Un’Italia che non finisce mai di strabiliare, quando ci si addentra nelle realtà di piccoli ma importanti territori con una forte connotazione agricola, quale la coltivazione del riso, risalente al 1400. Nel piccolo centro di Casalbeltrame, non lontano da Novara, si concentrano molte aziende agricole di eccellenza e spazi espositivi degni di nota. In uno storico cascinale è stato allestito il Museo Storico Etnografico dell’Attrezzo AgricoloL çivel” che mostra, con oggetti, foto e filmati, la vita dei campi e delle mondine, indimenticabili protagoniste del film “Riso Amaro” diretto da Giuseppe De Santis e, all’esterno espone carri, trattori, carrozze.

In un’ala del cascinale un ristorante molto speciale Pane, Amore… Poderia, propone una versione più leggera di piatti della tradizione, a base dei vari tipi di riso del luogo, di zafferano, sempre coltivato nella zona, il tutto accompagnato dai vini locali, fra cui il mitico Erbaluce. All’esterno un grande spiazzo ospita 5 chiese in ordine digradante, e per questo definite chiese matrioske, edifici che sembrano i soggetti perfetti per un quadro metafisico.

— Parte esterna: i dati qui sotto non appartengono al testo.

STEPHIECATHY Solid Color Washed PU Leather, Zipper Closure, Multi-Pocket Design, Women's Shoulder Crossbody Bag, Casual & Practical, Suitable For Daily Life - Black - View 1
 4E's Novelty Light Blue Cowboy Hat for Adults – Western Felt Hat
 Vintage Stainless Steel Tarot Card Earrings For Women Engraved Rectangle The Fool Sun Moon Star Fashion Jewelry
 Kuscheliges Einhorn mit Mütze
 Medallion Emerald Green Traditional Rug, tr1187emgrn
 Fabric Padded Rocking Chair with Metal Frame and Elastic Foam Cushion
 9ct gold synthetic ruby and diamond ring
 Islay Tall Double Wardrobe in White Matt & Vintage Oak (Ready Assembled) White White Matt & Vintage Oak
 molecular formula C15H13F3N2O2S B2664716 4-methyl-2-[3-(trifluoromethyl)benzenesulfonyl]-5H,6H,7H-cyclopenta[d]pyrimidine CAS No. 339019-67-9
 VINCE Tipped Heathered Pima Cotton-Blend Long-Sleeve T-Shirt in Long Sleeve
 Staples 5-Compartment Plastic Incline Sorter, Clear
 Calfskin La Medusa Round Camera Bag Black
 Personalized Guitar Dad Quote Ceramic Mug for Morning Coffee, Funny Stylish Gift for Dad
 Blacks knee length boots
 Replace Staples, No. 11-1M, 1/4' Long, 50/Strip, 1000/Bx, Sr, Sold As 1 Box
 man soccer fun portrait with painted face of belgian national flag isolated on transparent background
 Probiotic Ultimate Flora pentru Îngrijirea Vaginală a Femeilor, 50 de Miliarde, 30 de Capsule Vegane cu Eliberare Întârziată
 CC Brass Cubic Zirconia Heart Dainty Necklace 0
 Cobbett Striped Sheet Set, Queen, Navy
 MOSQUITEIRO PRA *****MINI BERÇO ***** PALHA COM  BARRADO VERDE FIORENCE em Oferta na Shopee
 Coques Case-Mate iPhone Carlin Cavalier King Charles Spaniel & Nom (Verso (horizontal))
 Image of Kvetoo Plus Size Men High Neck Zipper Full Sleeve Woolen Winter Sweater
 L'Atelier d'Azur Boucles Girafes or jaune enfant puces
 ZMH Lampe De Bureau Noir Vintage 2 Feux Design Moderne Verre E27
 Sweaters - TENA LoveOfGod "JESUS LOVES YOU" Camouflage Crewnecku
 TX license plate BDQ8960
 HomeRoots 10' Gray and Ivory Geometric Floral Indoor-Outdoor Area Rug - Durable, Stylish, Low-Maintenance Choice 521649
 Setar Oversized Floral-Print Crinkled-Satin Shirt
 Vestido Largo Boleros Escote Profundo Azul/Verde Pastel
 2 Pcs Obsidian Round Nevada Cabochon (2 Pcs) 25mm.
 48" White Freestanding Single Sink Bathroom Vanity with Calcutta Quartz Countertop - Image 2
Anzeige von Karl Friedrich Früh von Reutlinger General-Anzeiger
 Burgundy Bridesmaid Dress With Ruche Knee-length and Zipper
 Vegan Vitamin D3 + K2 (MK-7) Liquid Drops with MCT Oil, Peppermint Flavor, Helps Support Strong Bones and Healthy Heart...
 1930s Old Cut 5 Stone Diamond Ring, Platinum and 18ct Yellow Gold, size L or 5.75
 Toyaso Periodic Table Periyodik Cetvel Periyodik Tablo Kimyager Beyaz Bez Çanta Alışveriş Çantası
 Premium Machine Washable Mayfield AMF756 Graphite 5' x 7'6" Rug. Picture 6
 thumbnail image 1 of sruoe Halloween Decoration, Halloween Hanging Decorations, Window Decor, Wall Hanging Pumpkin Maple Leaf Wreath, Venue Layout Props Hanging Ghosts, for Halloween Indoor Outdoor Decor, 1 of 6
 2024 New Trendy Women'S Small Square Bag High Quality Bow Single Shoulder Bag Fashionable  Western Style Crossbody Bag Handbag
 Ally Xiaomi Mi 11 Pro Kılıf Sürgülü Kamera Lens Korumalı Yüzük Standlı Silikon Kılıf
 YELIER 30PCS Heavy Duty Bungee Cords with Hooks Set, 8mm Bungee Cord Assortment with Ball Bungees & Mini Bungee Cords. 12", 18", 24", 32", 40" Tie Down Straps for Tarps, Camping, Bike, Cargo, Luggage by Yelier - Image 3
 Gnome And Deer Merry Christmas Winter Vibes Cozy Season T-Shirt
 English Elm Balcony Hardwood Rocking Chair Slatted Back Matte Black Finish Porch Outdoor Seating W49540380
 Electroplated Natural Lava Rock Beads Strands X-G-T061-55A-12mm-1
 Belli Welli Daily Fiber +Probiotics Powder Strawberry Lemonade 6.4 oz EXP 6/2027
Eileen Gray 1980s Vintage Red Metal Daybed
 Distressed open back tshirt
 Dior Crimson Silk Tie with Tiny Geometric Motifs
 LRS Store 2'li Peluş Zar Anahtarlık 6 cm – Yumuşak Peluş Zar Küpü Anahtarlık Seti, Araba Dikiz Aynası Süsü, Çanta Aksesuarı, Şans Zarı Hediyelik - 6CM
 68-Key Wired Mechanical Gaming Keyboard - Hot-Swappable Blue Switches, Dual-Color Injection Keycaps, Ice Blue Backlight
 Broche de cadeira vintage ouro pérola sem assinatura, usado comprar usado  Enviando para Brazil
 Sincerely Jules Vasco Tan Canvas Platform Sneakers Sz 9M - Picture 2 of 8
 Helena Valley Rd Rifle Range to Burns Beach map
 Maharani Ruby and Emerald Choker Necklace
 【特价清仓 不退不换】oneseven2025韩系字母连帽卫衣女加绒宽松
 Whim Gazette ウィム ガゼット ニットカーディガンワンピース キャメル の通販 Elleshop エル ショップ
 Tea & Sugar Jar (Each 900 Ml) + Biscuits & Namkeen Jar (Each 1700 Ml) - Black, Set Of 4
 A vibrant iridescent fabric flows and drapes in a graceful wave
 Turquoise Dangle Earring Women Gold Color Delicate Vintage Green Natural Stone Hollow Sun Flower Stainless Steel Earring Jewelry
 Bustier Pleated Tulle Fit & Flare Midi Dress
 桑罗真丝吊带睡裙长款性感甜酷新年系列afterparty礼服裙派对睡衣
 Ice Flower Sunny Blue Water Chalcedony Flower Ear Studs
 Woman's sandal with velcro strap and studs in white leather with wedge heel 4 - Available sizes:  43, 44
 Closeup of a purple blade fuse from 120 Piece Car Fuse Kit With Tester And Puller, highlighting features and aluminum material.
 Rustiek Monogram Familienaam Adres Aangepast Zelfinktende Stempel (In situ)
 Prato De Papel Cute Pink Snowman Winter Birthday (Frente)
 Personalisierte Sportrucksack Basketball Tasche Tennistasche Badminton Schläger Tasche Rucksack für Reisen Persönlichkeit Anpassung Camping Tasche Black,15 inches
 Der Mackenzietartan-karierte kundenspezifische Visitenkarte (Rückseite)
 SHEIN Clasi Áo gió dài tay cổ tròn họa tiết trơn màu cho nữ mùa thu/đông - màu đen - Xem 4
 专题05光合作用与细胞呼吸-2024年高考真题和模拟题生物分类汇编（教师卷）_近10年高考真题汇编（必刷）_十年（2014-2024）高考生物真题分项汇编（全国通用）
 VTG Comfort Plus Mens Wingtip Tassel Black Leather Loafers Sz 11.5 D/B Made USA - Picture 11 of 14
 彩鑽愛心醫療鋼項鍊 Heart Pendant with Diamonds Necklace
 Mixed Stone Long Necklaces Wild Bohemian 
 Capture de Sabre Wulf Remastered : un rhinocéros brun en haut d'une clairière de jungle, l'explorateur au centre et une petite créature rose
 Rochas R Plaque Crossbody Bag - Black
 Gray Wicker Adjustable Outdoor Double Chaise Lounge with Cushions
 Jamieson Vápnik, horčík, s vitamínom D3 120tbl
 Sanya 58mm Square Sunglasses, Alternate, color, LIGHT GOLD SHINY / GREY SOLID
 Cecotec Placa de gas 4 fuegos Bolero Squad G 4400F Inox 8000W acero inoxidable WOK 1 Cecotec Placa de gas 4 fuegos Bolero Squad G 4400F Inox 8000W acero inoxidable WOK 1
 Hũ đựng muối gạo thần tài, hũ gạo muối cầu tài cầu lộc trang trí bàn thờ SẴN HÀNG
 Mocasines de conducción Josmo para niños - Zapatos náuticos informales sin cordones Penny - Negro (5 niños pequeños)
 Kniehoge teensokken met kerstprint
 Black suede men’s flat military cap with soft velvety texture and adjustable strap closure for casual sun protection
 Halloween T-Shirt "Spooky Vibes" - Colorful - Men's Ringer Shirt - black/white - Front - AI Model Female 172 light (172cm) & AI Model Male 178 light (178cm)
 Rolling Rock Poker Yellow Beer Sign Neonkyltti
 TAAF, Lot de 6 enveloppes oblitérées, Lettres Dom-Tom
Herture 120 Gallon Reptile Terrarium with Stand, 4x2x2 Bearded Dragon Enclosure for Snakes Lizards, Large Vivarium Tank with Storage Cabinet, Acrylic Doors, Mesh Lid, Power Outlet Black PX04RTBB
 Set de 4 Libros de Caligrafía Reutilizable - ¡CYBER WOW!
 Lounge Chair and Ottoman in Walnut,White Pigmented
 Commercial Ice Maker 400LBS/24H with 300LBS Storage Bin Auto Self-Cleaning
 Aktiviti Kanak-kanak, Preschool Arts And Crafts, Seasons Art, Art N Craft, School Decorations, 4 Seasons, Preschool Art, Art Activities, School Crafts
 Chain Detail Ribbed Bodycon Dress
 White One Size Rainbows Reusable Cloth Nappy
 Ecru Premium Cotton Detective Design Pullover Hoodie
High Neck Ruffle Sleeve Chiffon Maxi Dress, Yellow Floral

Attraversata la strada, si trova il Palazzo Bracorens di Savoiroux, una villa con un grande parco da poco diventata sede del Museo Materima, che ospita grandi sculture di artisti famosi del ‘900, da Giò Pomodoro a Alberto Giacometti, da Francesco Messina a Giuliano Vangi.

Nelle vicinanze si trovano aziende agricole, quali l’Azienda Sala Rita, che produce uno zafferano profumatissimo, produttori di riso, come l’Azienda Falasco, che da sei generazioni e sempre con il rispetto delle norme ambientali ha fatto ricerche per nuovi tipi di riso come il Venere, al quale donò anche il nome in omaggio a Josephine Baker, o il rosso Ermes, l’Apollo, oltre ai classici Carnaroli e integrale. L’altra azienda produttrice di un riso innovativo è la Luigi e Carlo Guidobono Cavalchini e il loro riso, battezzato da Cristina Guidobono, si chiama Riso Buono ed è arrivato sulle tavole più esigenti di Londra, New York, Dubai, Los Angeles e Hong Kong, a solo a due anni dalla rinascita dell’Azienda, grazie alla lungimiranza e creatività di Cristina.

Queste terre d’acqua, silenziose, operose e attive sono davvero da visitare per scoprirne inattesi tesori artistici e di cultura gastronomica.